Big companies like Western and Terminix dominate the pest-control industry. But increasingly, scrappy smaller companies swoop in, scoop their clients. Armando Cosio’s two-man company, La Cucaracha, had just underbid Western and won a massive pigeon job at the main post office. In appearance Cosio made me think of a large, gloomy Atlas who’d just about had it from carrying the weight of the world on his shoulders. At the post office, hundreds of pigeons were roosting on the open rafters, crapping all over the mail. The thing to do with the birds, said one of Cosio’s friends, also a self-employed exterminator, after you’ve de-pigeoned a building, is to haul them up to the mountains, kick back with a six-pack of beer and set them free at the rate of one pigeon per hour. Cosio and his brother and son wrangled the pigeons by netting them or trapping them in cages. Cosio’s teenage son had the brilliant idea of going in at night when the pigeons were sleeping. They picked them up one by one and stuffed them by hand into cages. Not knowing what to do with the first 80 captured birds, Cosio figured the humane course of action would be to set them free. The problem with that — aside from its being illegal — was that these were homing pigeons. The problem with his buddy’s dubious mountain-release idea — aside from its being insane — is that it entailed over 80 hours of bird time, and no one, exterminator or not, should have to sit that long alone on a mountain with a truckload of anxious pigeons.

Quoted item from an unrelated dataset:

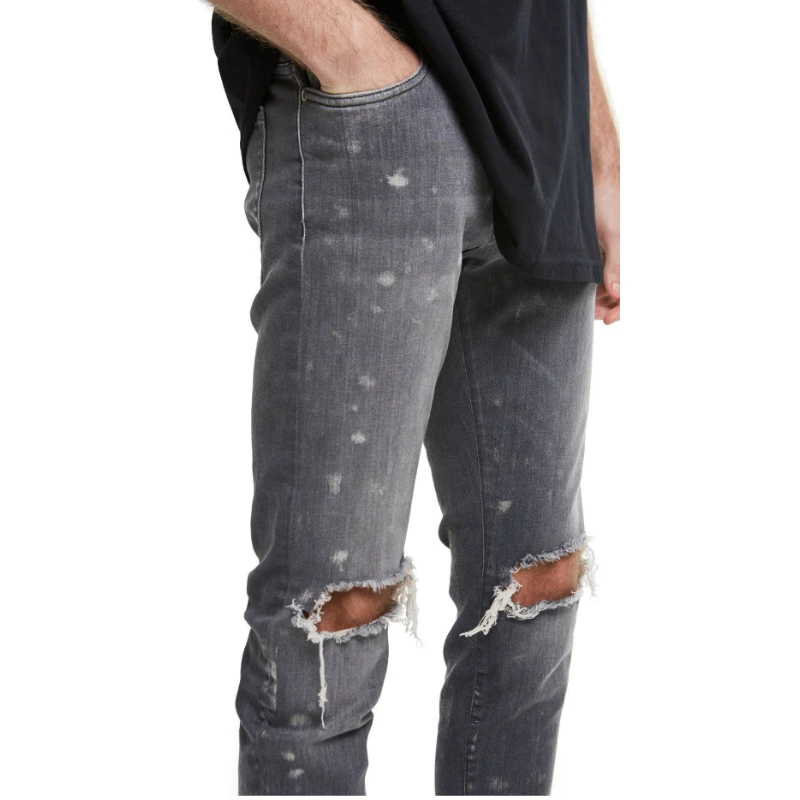 Узкие джинсы с эффектом потертости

Eventually, Cosio took the birds to a pet shop, where a sympathetic owner bought them for a buck apiece. And eventually, predictably, around the 100th pigeon, the pet-shop owner refused to take any more. “Armando,” he cried, “I can’t buy them all!”
The Handbook of Pest Control — the official tome all licensed exterminators regard as the bible — explains that the pigeons should be euthanized. “Only,” Cosio sighed gravely, “they never tell you how.” He was extra-grave that day because someone, possibly another exterminator, had stolen his truck with the grinning La Cucaracha rat logo Cosio had drawn himself, poisons, traps and all. The extra birds, which he’d been taking home, were piling up in a cage in his back yard. He’d heard of hunting clubs that would buy the birds to use for “dog training,” but calling around, he found none. In the end, after arguing with co-workers about who was going to have to do it, Cosio chopped the pigeons’ heads off with a knife.
The chopping he learned from observing the workers at a poultry slaughterhouse in Chinatown, one of his pest-control clients. A guy showed him how to slit across a chicken’s neck, toss it into a huge plastic trash can with other half-dead chickens and let it bleed out. Chickens, pigeons. Pigeons, chickens. Slit. Toss. Repeat. But this resulted in far too much squawking and flapping. So, with a remaining few, he wrung their necks with a swift grab, clench and twist. Instant death. Minimal flapping. It made Cosio sad to kill the birds —in his own back yard, no less —but it had to be done. It was his job.